Currently, the political tax credit is around $16million worth of contributions across the state. “Imagine what would happen if that amount of money was going to our local charities. We know the government can’t do what hearts and minds can do,” says Senator Atkinson. “Philanthropy has fallen with the stock market; let’s encourage neighbors to help neighbors.”
Aside from the charitable tax credit legislation, Senator Jason Atkinson prefers not to introduce many bills. “As a Republican, I don’t believe my role philosophically is making more government,” says the senator. He has introduced two big bills, two conservation bills and the rest of them are constituents’ concepts and needs.

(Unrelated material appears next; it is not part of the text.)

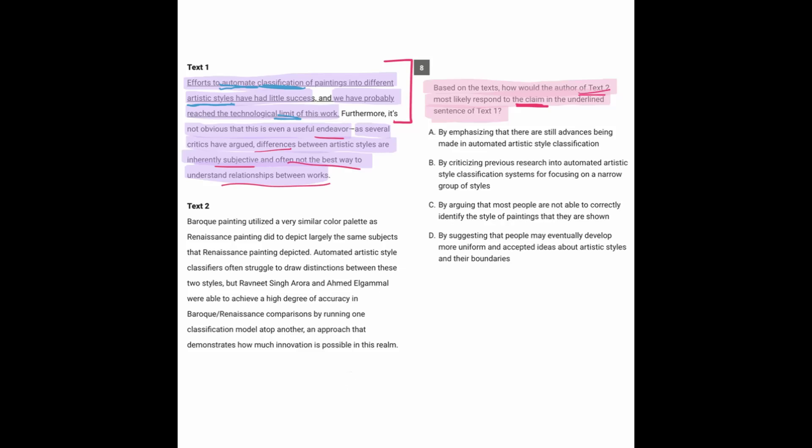So text two says, Baroque painting utilized a very similar color palette as Renaissance painting did to depict largely the same subjects as Renaissance painting.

One particular bill Senator Jason Atkinson is bringing forward is the result of some teenagers from Medford approaching him. Because of the city’s definition of what a “business” is, high schoolers have to get a business permit just to host a car wash, bake sale or lemonade stand. The Senator’s legislation will allow for individuals 17 and under to host such events without a business permit.
“We’re putting a stop to this immediately. It’s stupid to think that an 18 year old needs to file a business permit to raise money,” says Senator Jason Atkinson. “The kids are trying to do things in the community and the city is making it difficult for them, which doesn’t fly with me.”